Information given:

============================================================

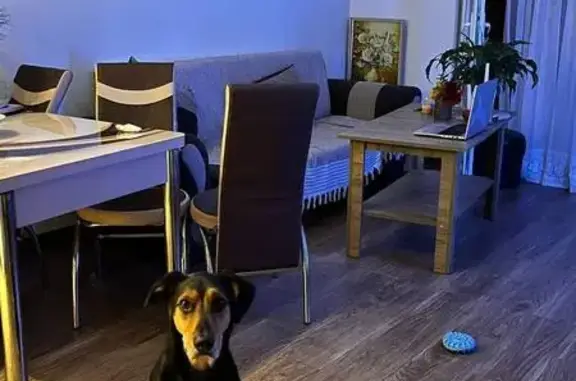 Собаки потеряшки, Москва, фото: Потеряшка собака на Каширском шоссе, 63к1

============================================================

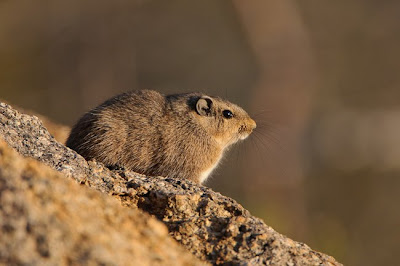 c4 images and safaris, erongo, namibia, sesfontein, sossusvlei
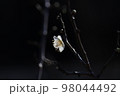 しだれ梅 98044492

============================================================

Exercise:
In the listing above, find the line with "c4 images and" and the line with "しだれ梅 98044492". Set down exactly those lines and everything between them, skipping pictures.

Finished exercise:
 c4 images and safaris, erongo, namibia, sesfontein, sossusvlei
 しだれ梅 98044492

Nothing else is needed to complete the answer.